AUD/USD has edged a little lower after breaking to new highs for the year on Monday, but continues to look attractive as long as risk sentiment hold up. Yield spreads still point to a higher AUD, and the strength of equities in general and Chinese equities in particular also suggests scope for AUD gains. While there is still uncertainty surrounding US tariffs and the impact on global growth and risk sentiment, and AUD/USD could suffer if risk sentiment turns lower, Australia is under less threat than most countries, and AUD/CAD should perform well even in a tariff induced negative risk scenario. AUD/USD faces a significant resistance area around 0.64, but we see a good chance of a break above here if the global picture remains stable.
Otherwise, there wasn’t a lot of activity on Wednesday, but the JPY continues to edge higher and is getting close to breaking some key levels. USD/JPY still looks to have scope to break below 150 based on the correlation with yield spreads, while we continue to see CHF/JPY as the best value trade, This dampens any impact from risk fluctuations, as the CHF also tends to suffer in risk positive conditions, and from a value perspective it is hard to justify the 50% rise in CHF/JPY seen in the last few years now that yield spreads have moved back in the JPY’s favour.

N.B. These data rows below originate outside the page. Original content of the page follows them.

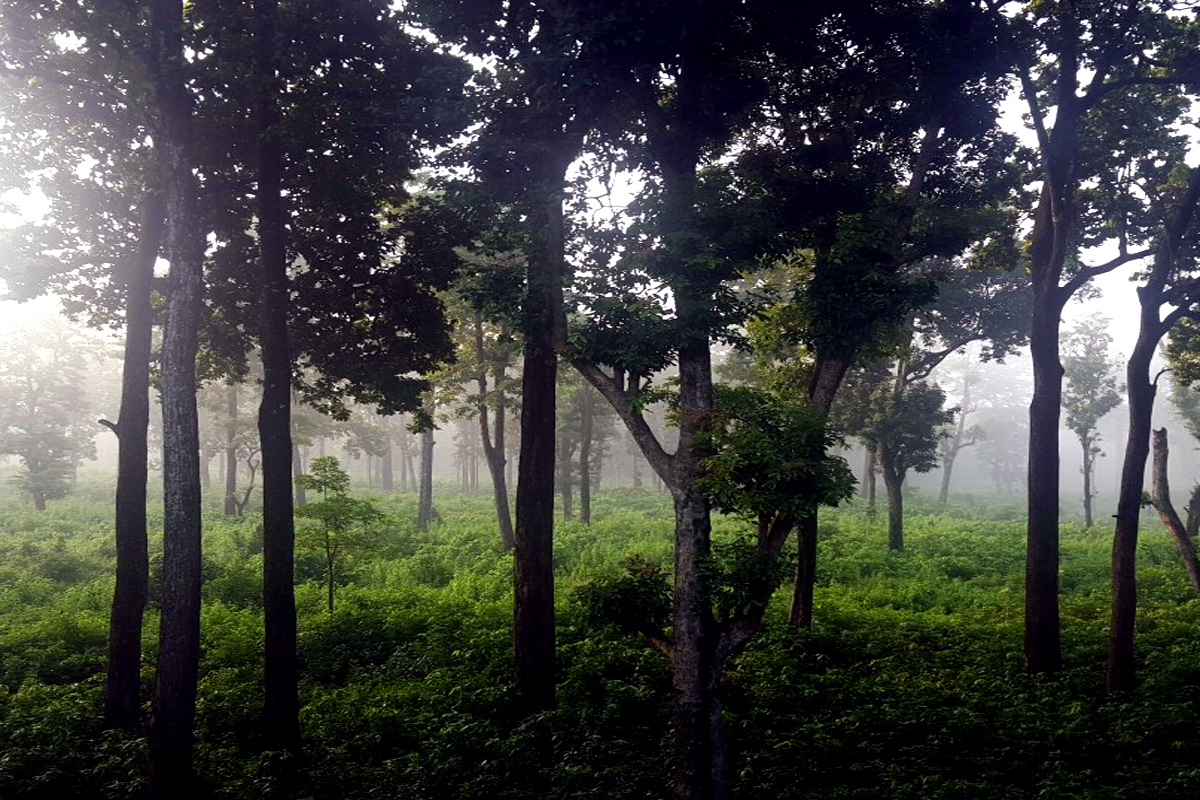 काँकडभिट्टा–इनरुवा रेलमार्ग निर्माणको काम डेढ वर्षदेखि अलपत्र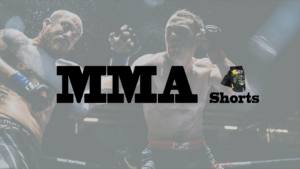 Shorts de combat MMA personnalisés en gros pour usine, service OEM, impression numérique Spandex/Polyester, unisexe - Product Image 6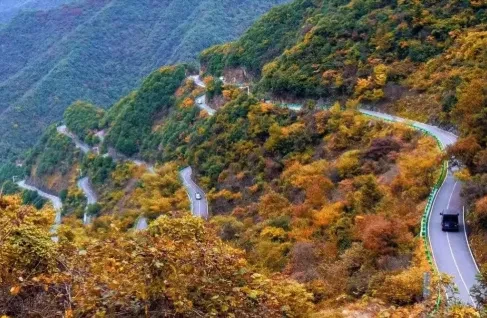 7f5ab97e35f853085870cee761134a7b-sz_438131 7f5ab97e35f853085870cee761134a7b-sz_438131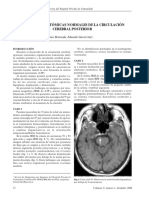 Variantes Anatomicas Circulacion Cerebral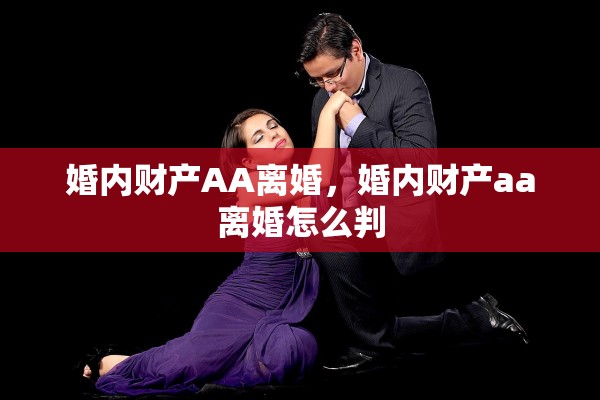 婚内财产AA离婚，婚内财产aa离婚怎么判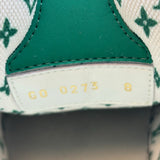 Louis Vuitton Skate Sneaker Green White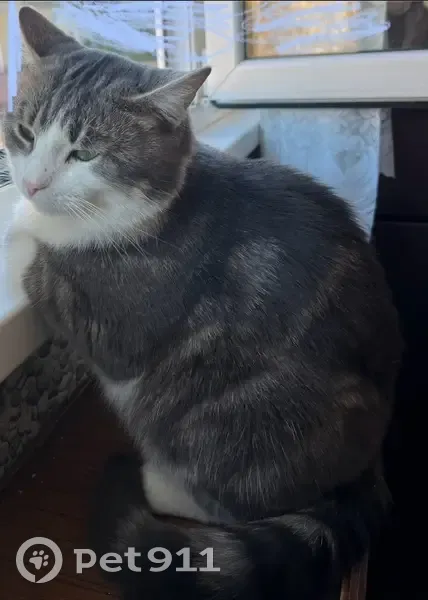 Пропал кот, улица Ленина, Ставрополь - серо-белый окрас, шрам на носу - photo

On the back of the stronger than expected UK CPI on Wednesday and the better than expected UK employment data released on Tuesday, GBP has made some modest gains against the EUR this week, making fresh 2025 lows, but gains are becoming increasingly hard to extend at these levels. Despite the stronger UK data there has been minimal movement in yield spreads in GBP’s favour, and we are now at levels in EUR/GBP that are approaching the highest in real terms seen since 2015 – before the Brexit vote. The data may discourage the BoE MPC hawks from any further early easing, but we still expect rates to fall more than the market is pricing in this year as weak demand starts to take its toll on UK employment and wages, suggesting the big picture risks for EUR/GBP are still on the upside.